I will concede one thing that I believe about love and that is that loving ourselves enough that we learn how to find some peace and joy in daily life gives us the confidence to face the pain we encounter, forgive others and more importantly than forgiving, to feel empathy. It allows us to see beyond ourselves to understand that others are also fighting battles that we cannot understand, which helps us to let go of anger of being offended and judgment. But….and this is a very hard lesson…that does not mean our love itself can change circumstances, heal another from their physical or mental ailments or force others to make choices that would bring them greater happiness and so much less sorrow. And, perhaps one of the hardest lessons, it does not require us to stay in a situation in which we are being hurt in any way by a person to prevent that person from experiencing the pain of being removed from our lives. LOVE, in and of itself, is not all you need. What we need are all the the actions that love inspires us to take, the words it inspires us to say and the things it inspires us to think and believe.
So….why do I have so many pieces that are centered on love? Well….for one, they always sell! If I’m being completely honest…. 😉 And why is that? I’m sure there are a thousand answers. For me, I believe it is at the core of all we do and all we want out of life. It is the great motivator, just not the end result. When we love and respect and find peace with ourselves, it leads us to want that peace and happiness and love for others, which leads us to act on those desires and affect change and reach out in whatever ways we can. Maybe it sounds selfish to think loving ourselves is so important, but I truly believe it is. It’s hard to love our neighbor as ourself if we don’t love ourself first.
I know that in the grand scheme of life, I will only truly affect a very small number of people, and that’s okay. I hope in some way I can inspire my kids and friends and acquaintances to love themselves and do good so they will in turn affect others in a positive way, and those “others” will affect even more others, and so on.
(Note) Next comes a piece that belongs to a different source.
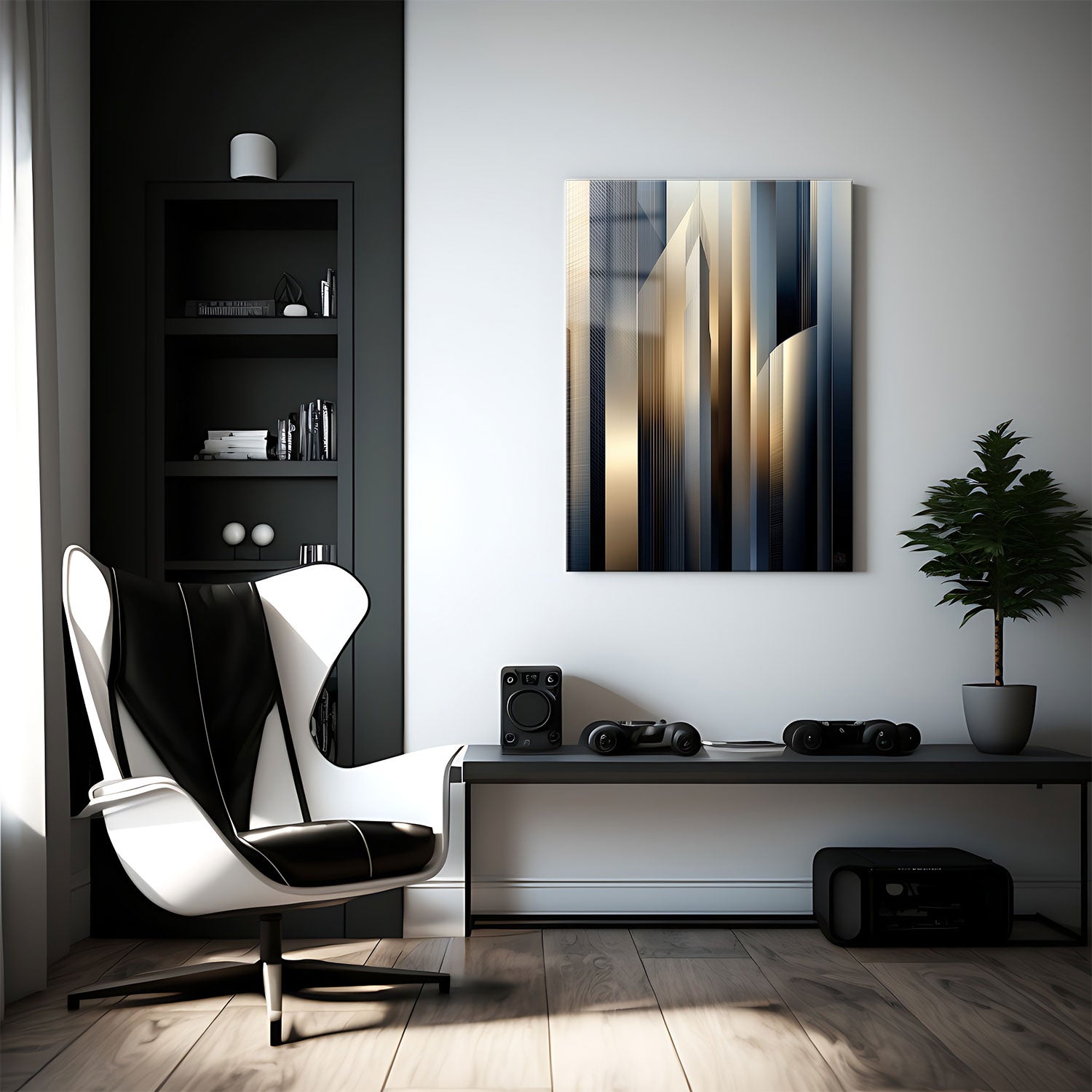 The abstract geometric composition showcases the modern architectural beauty of an urban skyline, creating a striking visual statement perfect for contemporary spaces - HD Metal Print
Real love inspires nothing but good. And that’s why I think people buy these love pieces, whether its a card or a pillow or a piece of art, so they can have these little reminders of something good.
You know, I’ve had better weeks. As I was packing some things up to work on at the studio today, I found this piece that I started a couple of months ago. Sometimes I create happy sea stars and fun octopuses. And then sometimes, I am inspired by life and how it changes. How it pushes and pulls you in these different directions, forcing you to either change with it or hold steady and fight it. And the best solution isn’t always the same choice. Sometimes it’s about the happy things that inspire us–cute animals, beautiful scenery, vibrant colors or a great new piece of fabric. And sometimes, it’s the not-so-happy things and in those moments of pain and struggle, I often visualize images that seem to parallel what I’m going through.
One of those moments reminded me of this painting I had created years ago for a primitive styled production of La Pastorela. In this little Christmas play, there is a very literal mouth of hell. For this production, the director just wanted a very simple, fantastical design and this was my rendering for that backdrop. I don’t know why I thought about it all these years later, but I pulled it out of my stash of paintings and decided I would turn it in to a textile piece. It seemed symbolic of where my life was and I wanted to create something a little less happy-beach-day and a little more true to what I was experiencing. That said, I am an optimist and I always like to feel there is hope. I’ve been contemplating a light-at-the-end-of-the-tunnel piece for quite some time, and thought it might be cool to combine those two ideas and have the tunnel be this demonic mouth of hell, as that’s what it felt like I was faced with at the time. I came across this Robert Frost quote that I felt fit so perfectly: “The best way out is always through.” If there’s one thing I’ve learned in the difficulties of my life these past few years, it’s that. There are no short cuts. There are no easy paths that will allow me to circumvent the pain and stress and sorrow that my situation brings me. It is only in walking through the fire that I will be able to pass my demons and step out of the darkness, over those sharp teeth and into the sunshine that awaits. I don’t know how long it will take to feel that fresh air again. Sometimes I feel the breeze and the warmth of the sunshine and know it is getting closer. Sometimes it seems to take forever. But, through it all, I know there’s only one way to go, and that’s to face it head on and walk straight through.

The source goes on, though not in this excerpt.